Islands in rivers are generally formed in two ways:
"by accretions produced by the deposit at a particular place of the soil and sand constantly floating in it, and by the river cutting a new channel through the mainland on one or the other of its shores." Missouri v. Kentucky, 11 Wall. (78 U.S.) 395, 407, 20 L.Ed. 116 (1870).
If the island is formed in the second way, by avulsion, the common law is well settled that, if the boundary between two states (or private property owners) is the river, the boundary remains the old channel and the island would belong to the owner of the mainland to which it was previously attached. Nebraska v. Iowa, 143 U.S. 359, 12 S.Ct. 396, 36 L.Ed. 186 (1892); Missouri v. Nebraska, 196 U.S. 23, 25 S.Ct. 155, 49 L.Ed. 372 (1904); Missouri v. Kentucky, supra.
If the island is formed by gradual deposits in midstream, it is equally well settled under the common law that the island belongs to the owner of the river bed in the place where the island arose. If the river is the boundary between two states the island would belong to the state on whose side of the middle of the main channel it was formed. St. Louis v. Rutz, 138 U.S. 226, 11 S.Ct. 337, 34 L.Ed. 941 (1891); Jones v. Soulard, 24 How. (65 U.S.) 41, 16 L.Ed. 604 (1860); 5A Thompson on Real Property Sec. 2564 at 620 (1957 ed.).
Were after-formed islands to bring the widest channel test into play both of the above common law results would be altered. If a new island were formed by avulsion and the new channel were wider than the old one (as it generally would be) then, by application of the statutory boundary definition including the after-formed island, the new land would suddenly be part of the state which owned the opposite bank of the old channel.
Likewise, if a new island were formed by deposits in the river bed (as Sand Island evidently was), the boundary would be the wider channel on either side of the island, irrespective of where, in relation to the middle of the main channel, the island was formed. Moreover, if the island continued to grow on both sides by accretion, the boundary could well shift back and forth as first one channel and then the other momentarily became the "widest channel"!
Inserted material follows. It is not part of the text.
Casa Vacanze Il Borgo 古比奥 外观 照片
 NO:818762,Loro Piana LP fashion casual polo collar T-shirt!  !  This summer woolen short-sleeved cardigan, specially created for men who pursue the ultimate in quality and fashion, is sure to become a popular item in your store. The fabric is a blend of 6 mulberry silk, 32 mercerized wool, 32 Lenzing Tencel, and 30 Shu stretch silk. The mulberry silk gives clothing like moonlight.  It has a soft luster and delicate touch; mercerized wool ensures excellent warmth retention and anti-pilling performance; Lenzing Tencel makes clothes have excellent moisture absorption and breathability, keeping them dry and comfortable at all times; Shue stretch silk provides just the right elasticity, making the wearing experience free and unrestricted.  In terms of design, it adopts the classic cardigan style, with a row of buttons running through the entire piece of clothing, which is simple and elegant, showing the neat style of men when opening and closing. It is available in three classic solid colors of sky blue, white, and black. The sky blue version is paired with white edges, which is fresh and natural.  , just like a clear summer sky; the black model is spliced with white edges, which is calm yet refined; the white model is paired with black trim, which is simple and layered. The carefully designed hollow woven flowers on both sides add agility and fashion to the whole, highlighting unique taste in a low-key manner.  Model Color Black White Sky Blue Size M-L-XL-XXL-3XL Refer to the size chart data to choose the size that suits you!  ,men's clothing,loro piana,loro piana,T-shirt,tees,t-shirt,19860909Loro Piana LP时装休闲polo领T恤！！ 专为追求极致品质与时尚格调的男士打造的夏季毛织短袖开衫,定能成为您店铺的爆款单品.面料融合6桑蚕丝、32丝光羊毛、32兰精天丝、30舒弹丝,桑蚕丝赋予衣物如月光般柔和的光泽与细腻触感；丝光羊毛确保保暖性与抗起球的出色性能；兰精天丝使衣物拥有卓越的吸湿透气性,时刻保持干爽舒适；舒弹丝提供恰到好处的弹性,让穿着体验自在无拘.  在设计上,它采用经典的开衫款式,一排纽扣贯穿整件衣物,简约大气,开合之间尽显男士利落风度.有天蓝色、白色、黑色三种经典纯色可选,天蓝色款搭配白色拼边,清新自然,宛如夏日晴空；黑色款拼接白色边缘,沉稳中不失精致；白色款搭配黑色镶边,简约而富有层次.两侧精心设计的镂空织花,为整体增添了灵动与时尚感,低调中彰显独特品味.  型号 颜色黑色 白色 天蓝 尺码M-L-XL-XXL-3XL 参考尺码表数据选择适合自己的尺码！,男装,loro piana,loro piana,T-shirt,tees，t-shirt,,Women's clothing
We perceive no good reason for concluding that Congress intended by the Oregon Admission Act to achieve results so far removed from what had theretofore been settled law. Consequently, we hold that islands such as Sand Island, formed subsequently to 1859, are not to be considered in determining the Oregon boundary prior to the 1958 compact. The boundary remains what it was in 1859, the varying center of the main channel subject to such modifications as have been made by compact, which, as against defendants, cannot be made retroactive as to their property interests.
While one could well infer from the evidence presented that the main channel has always been south of Sand Island, the trial court made no finding on this point. Because the case was apparently tried by the parties on the wrong theory we think the best resolution is for this court to order a new trial so that new evidence can be taken and new findings made.
Reversed and a new trial ordered.
When Washington was admitted to the Union in 1889 the same language (with one minor modification not relevant here) was used to define its boundary along the Columbia River, 25 Stat. 676. In any event the language of the Washington Admission Act cannot affect Oregon's rights for
"[t]he northern boundary of the state of Oregon was established prior to that of the state of Washington, and it is not within the power of the national government to change that boundary without the consent of Oregon." Washington v. Oregon, 211 U.S. 127, 130-131, 29 S.Ct. 47, 53 L.Ed. 118 (1908).